# white label seed company "planet skunk"



## homegrown998 (Oct 23, 2008)

They claim to have the best white widow strains available. I know alot of peaple grow white widow so i was just wandering the best place to get it. ive herd alot of peaple say they are happy with nirvana`s  white widow, so is white label worth twice the price?


----------



## JBonez (Oct 23, 2008)

homegrown998 said:
			
		

> They claim to have the best white widow strains available. I know alot of peaple grow white widow so i was just wandering the best place to get it. ive herd alot of peaple say they are happy with nirvana`s  white widow, so is white label worth twice the price?



It was the green house seed co. that created the white widow strain, check them out.

hxxp://www.cannabis-seeds-bank.co.uk/greenhouse-seeds-white-widow-feminised-2984-p.asp

im also growing hgs white widow, so far so good.


----------



## homegrown998 (Oct 27, 2008)

Ive seen all there youtube videos, and I'm thinking about ordering their super silver haze. I didn't know they created white widow but now i think i will go threw them when I'm ready did you order from Gypsies website?


----------



## Dexter (Oct 27, 2008)

homegrown998 said:
			
		

> They claim to have the best white widow strains available. I know alot of peaple grow white widow so i was just wandering the best place to get it. ive herd alot of peaple say they are happy with nirvana`s  white widow, so is white label worth twice the price?



I've grown 2 packs of WLabel  WW in the past. Very easy uniform plants with execellent stocky structure. Failed to find a keeper, although i'm not a huge fan of the whites. In future any whites would I grew would be from _Shantibaba (created WW aka Black Widow) _although it seems hard to get hold of atm. I would'nt piss on Greenhouse.

Dexter
White Widow and hubby pics


----------



## Mr.Wakenbake (Oct 27, 2008)

THe only person with the real white widow is the man who created it and that wasn't greenhouse seed co. 

It was Mr. Nice seed company.... aka shantibaba.Another strain stolen by GHS and claiming it as their own as with alot of "breeders" out there.


----------



## JBonez (Oct 27, 2008)

Mr.Wakenbake said:
			
		

> THe only person with the real white widow is the man who created it and that wasn't greenhouse seed co.
> 
> It was Mr. Nice seed company.... aka shantibaba.Another strain stolen by GHS and claiming it as their own as with alot of "breeders" out there.

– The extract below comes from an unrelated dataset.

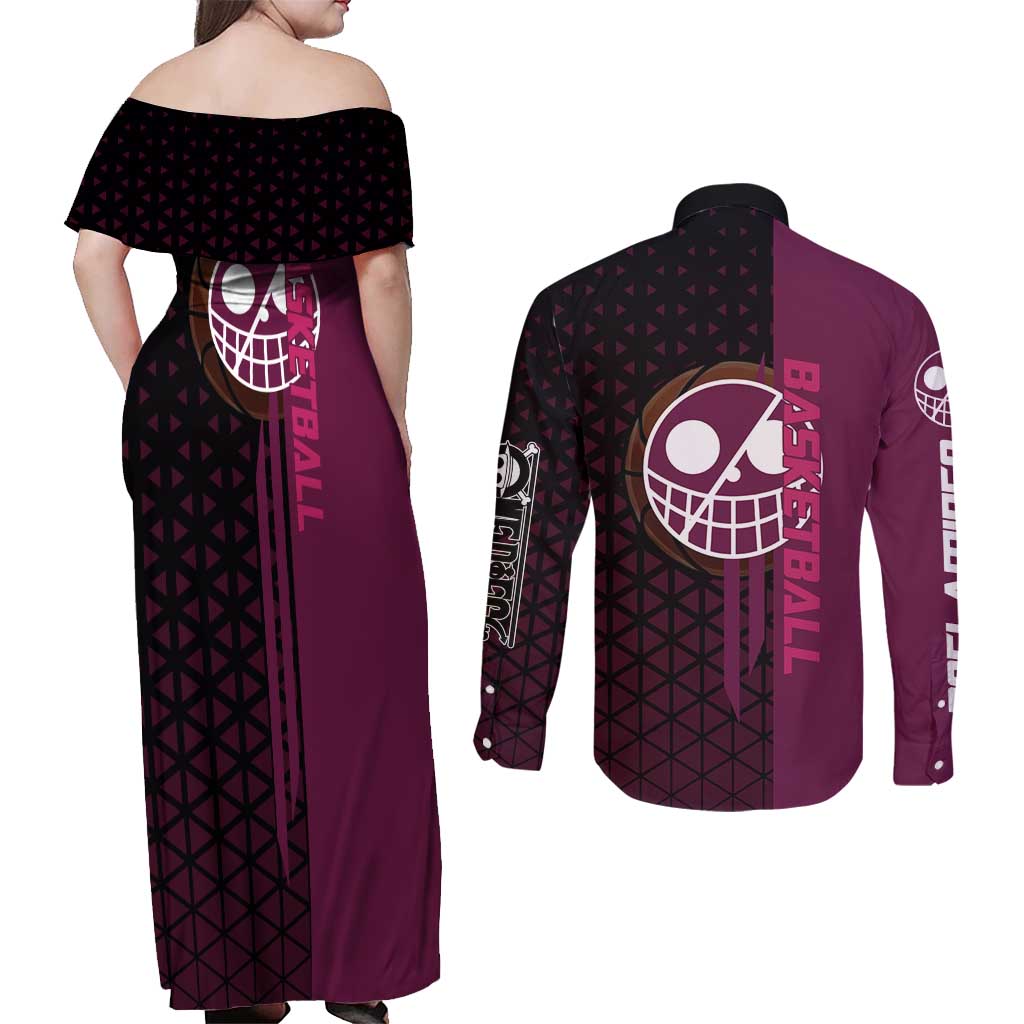 Donquixote Doflamingo One Piece Basketball Theme Maroon and Black Design Couples Matching Off Shoulder Maxi Dress and Long Sleeve Button Shirt with Smiling Emblem and Aggressive Pose - The Mazicc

well, i guess i was wrong! I guess im gonna have to pay attention to the breeders that make all these claims a little bit better, sorry if i caused any confusion.


----------



## la9 (Nov 1, 2008)

Their top ten list is pretty good at what is really popular right now. I wouldn't be scared at all of White Label seeds. If you are going to order from skunk then also consider, Blueberry, Blue Moonshine, White Widow, Double Gum, AK47, and Chronic. That should give you something to think about, they have plenty of selection if you know what to get.


----------



## homegrown998 (Nov 1, 2008)

I'm going to try planet skunk, You allready had me sold.lol, The thing i was wandering about white label is their white widow is only rated 12% THC I thought it was supposed to be one of the strongest plants in the world? I'm glad to here someone finally recommend a good place to get blueberry, it seems like its falling off cause nobody really brings it up much. The only other place Ive heard it mentioned is DJ shorts.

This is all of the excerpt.